The Ventimiglia were a noble family of Liguria, now in Italy. Descendants of the family held positions and titles of nobility in Sicily in Mediaeval times and later.

Members of the family 
 Giovanni I Ventimiglia (1383–1475), eighth count of Geraci (from 1405); Marquis of Geraci from 1436; also Lord of Castelbuono, Tusa, Gangi, San Mauro (San Mauro Castelverde), Pollina, Caronia (from 1412), Cefalù, Sciacca, Termini Imerese, Count of Montesarchio, Bitonto, Casamassima, Serracapriola, Castellamare di Stabia, Orta Nova and Magliano, Baron of Ciminna..., Grande Ammiraglio del Regno (Grand Admiral of Sicily Kingdom), Viceré di Sicilia, (Viceroy of Sicily), 1430–1432, Governatore del Regno di Napoli (Governor of Naples Kingdom), 1435, Viceroy of Duchy Athens and Neopatria, 1444, Regent of Naples Kingdom, 1460, Captain General of the Church, 1445 and 1455.

 Giovanni II Ventimiglia, marquis of Geraci (1559–1619), lord of Castelbuono, Gangi, Pollina, Pettineo and San Mauro, was acting Viceroy of Sicily from 1595 to 1598.

 Salvatore Ventimiglia (d.
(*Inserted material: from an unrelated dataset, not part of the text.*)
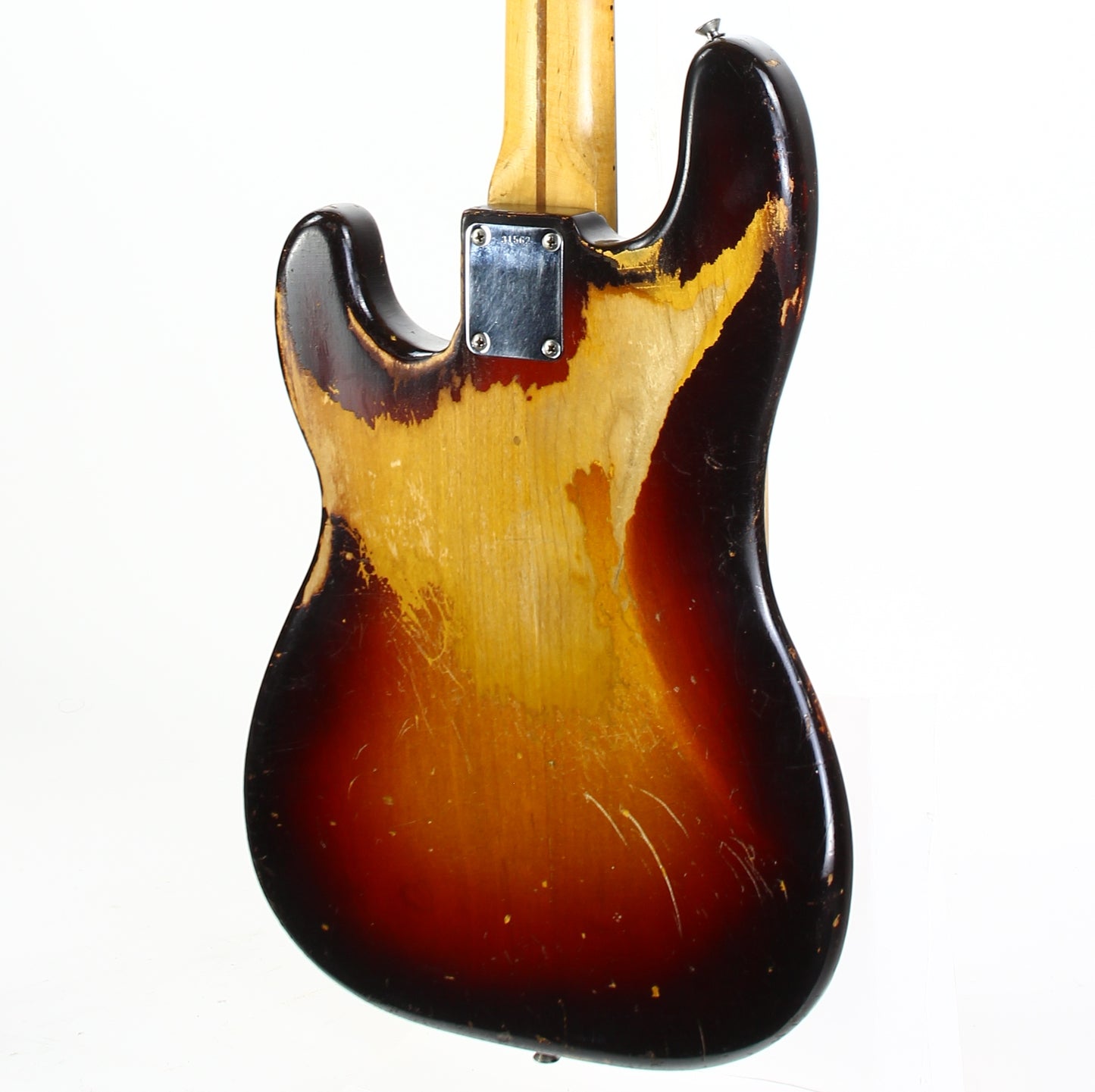 1959 Fender Precision Bass Anodized Gold Guard Sunburst 100% Original Vintage Maple Neck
Palermo, April 1797), Bishop of Catania, son of the 3rd Princes of Belmonte

 Francesco I Ventimiglia

Lascaris di Ventimiglia 

A branch line, the Lascaris (di Ventimiglia) Conti di Tenda, is descended in female line from the Laskaris of the Empire of Nicaea through the marriage in 1261 of Guglielmo Pietro I, Conte di Ventimiglia, Signore de Tenda (d. 1282) with Eudokia Laskarina (1248–1311), daughter of Emperor Theodore II Laskaris and his wife Princess Elena of Bulgaria.